[[ DATASET CONTENT open ]]
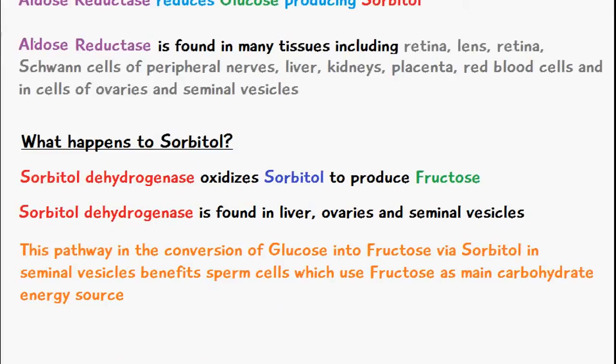Sorbitol dehydrogenase oxidizes sorbitol to produce fructose. The enzyme sorbitol dehydrogenase is found in the liver, ovaries, and the seminal vesicles. An important thing to note is this pathway — the conversion of glucose into fructose via sorbitol.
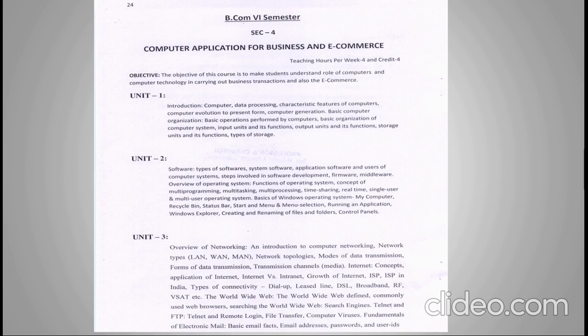The third unit covers an overview of networking — what networking is, its uses, types of networks, different network topologies, the difference between the internet and intranet, the growth of ISPs in India, types of connectivity, the World Wide Web concept, web browsers, search engines like Google, Telnet, FTP, computer viruses, and electronic mail.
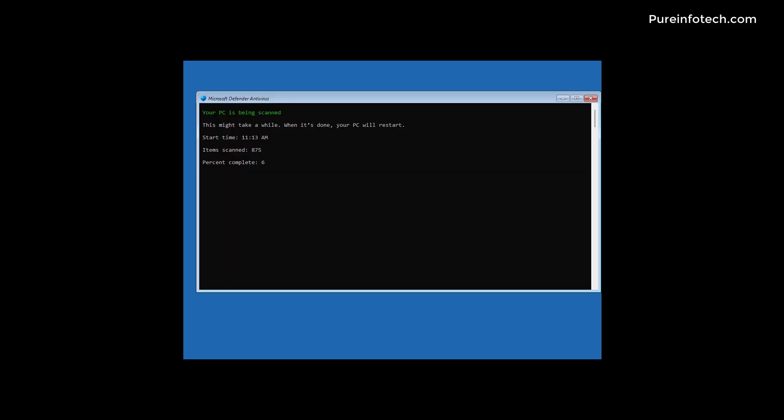Now the computer will reboot straight into the recovery environment and the Microsoft Defender antivirus will do a full scan on the computer while Windows 11 is not loaded. It will try to detect any viruses, rootkits, and any type of malware that may be affecting the computer. The scan could take about 15 to 20 minutes and even more depending on your configuration.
[[ DATASET CONTENT closed ]]
**WHAT THIS TASK INVOLVES**
Repeat only the lines from the one holding "The third unit" through the last line of the data, inclusive. Keep the pictures out.

**TASK SOLUTION**
The third unit covers an overview of networking — what networking is, its uses, types of networks, different network topologies, the difference between the internet and intranet, the growth of ISPs in India, types of connectivity, the World Wide Web concept, web browsers, search engines like Google, Telnet, FTP, computer viruses, and electronic mail.
Now the computer will reboot straight into the recovery environment and the Microsoft Defender antivirus will do a full scan on the computer while Windows 11 is not loaded. It will try to detect any viruses, rootkits, and any type of malware that may be affecting the computer. The scan could take about 15 to 20 minutes and even more depending on your configuration.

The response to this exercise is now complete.